A lifelong fan bids farewell to Adam Yauch

By Itay Ben Eliezer

All over the world, millions are mourning the death of Adam Yauch of the Beastie Boys, who passed away on May 4th. Since that day, I have spoken with many friends and family members, who like me, grew up with MCA and the Beastie Boys. Like me, they are nurturing a broken heart.

Yauch and the Beastie Boys blasted into my life at age 9 via MTV and the now-iconic “Fight for Your Right (To Party)” music video. That video prompted me, like many other kids in the United States at that time, to purchase a little white cassette titled “License to Ill” and play it to the point of disintegration. As a child growing up in suburban New Jersey, the Beasties invaded my room and my life, holding American suburbia hostage with their wacky blend of hip hop and sampled guitar riffs. You just couldn’t stay indifferent.

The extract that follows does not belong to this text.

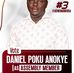 Daniel Poku - Facebook
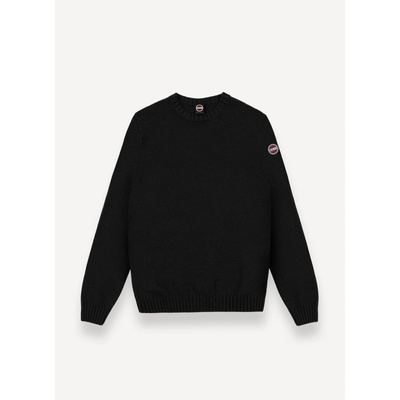 Colmar Originals pánský svetr Mens Sweater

But my time in the States was temporary, and not long after the release of “Paul’s Boutique,” I found myself on a plane back to Tel Aviv, leaving the Tri-State area behind. Yet the Beasties followed. In junior high, I bought “Check Your Head” on CD at a small store on Dizengoff Street in Tel Aviv. I relished the sounds of “Ill Communication” in high school. “Hello Nasty” was purchased towards the end of my army service. “To the 5 Boroughs” came into my life months before my wedding. I enjoyed “The Mix-Up” with my year-old son. And “Hot Sauce Committee Part Two” was mostly heard on my iPod, while walking my dog after another day’s work.

I grew up with the Beastie Boys. Their music babysat me, shaped my character and helped me evolve. They schooled me. Their masterful samples introduced me to the sounds of Jimmy Smith, Curtis Mayfield and the Dead Boys, among others. Music equals life; the Beastie Boys shaped my musical tastes and changed my life. And while Adam Horowitz (Ad-Rock), Michael Diamond (Mike D) and Adam Yauch (MCA) were equal geniuses in my eyes, they each were so different. The Beastie Boys took change and innovation – musically and spiritually – to a whole new level. Yauch was the one who personified, in my eyes, the trio’s personal growth, conscience and activist passion. All three were musical explorers and music market innovators. And all three were social seekers. But Yauch was the expression of their devotion to personal and collective reflexivity and development. In my head, I hear him singing: “pretending and hoping to find that distant peace of mind – I don’t know, who does know, there is no, where to go.”

Adam Yauch was special. Look at him in that “Fight for Your Right (to Party)” music video. Hear his raspy voice on “Professor Booty,” amidst some serious heavy breathing. Feel him chanting on “Bodhisattva Vow.” Nod your head when on “Unite,” he asks a Knicks player to please drive the lane. Sympathize with him on “I Don’t Know.” He was part of three men’s unique quest to share with the world their love of punk rock, funk and hip-hop, concocting their own unique sound and blazing new musical trails in the process. They made music with so much love; it was their love and respect for one another that allowed it all to happen.

I feel sadness, yet am also filled with gratitude. I identified with Adam Yauch’s serious side, his need to express contemplation, his continuous search for his spiritual and artistic truth. I admired Adam’s ability to blend a mature and grave attitude with a nutty and often hilarious demeanor. I enjoyed his rhymes – he could rhyme “That’s right y’all, don’t get uptight y’all, you can’t say shit because you’re bitin’ what I write y’all”  with the same conviction as “and my deepest thanks to all sentient beings, for without them there would be no place to learn what I’m seeing.”

Adam Yauch mixed rough and tough b-boy lyrics with peaceful Buddhist values and didn’t lose a gram of credibility and coherence. He could mesh these elements together because they all stemmed from love and devotion to something bigger, be it the streets of New York, 70s funk, Knicks basketball or the plight of the Tibetan people. Reconciling contradiction is music’s higher calling, and I hope my children encounter beats as meaningful as those I have been so lucky to experience.

In the summer of 1995, I saw the Beastie Boys perform live in Jaffa while on their “Ill Communication” tour. The performance was unforgettable and the encore – “So What’cha Want,” followed by “Sabotage” – still evokes goosebumps.  Much has been written about Yauch’s “Sabotage” bass line. I remember him on that stage, bass guitar in hand, jumping in the air as Ad-Rock screamed: “Oh my god, it’s a mirage, I’m tellin’ y’all it’s sabotage.” Few nights in my life were more exciting and more alive. This kind of music is forever.

Itay Ben Eliezer is a writer and photographer. His novel, “Al Odot Yonatan” [about Yonatan] won the Israeli Ministry of Culture’s Debut Book Award in 2007.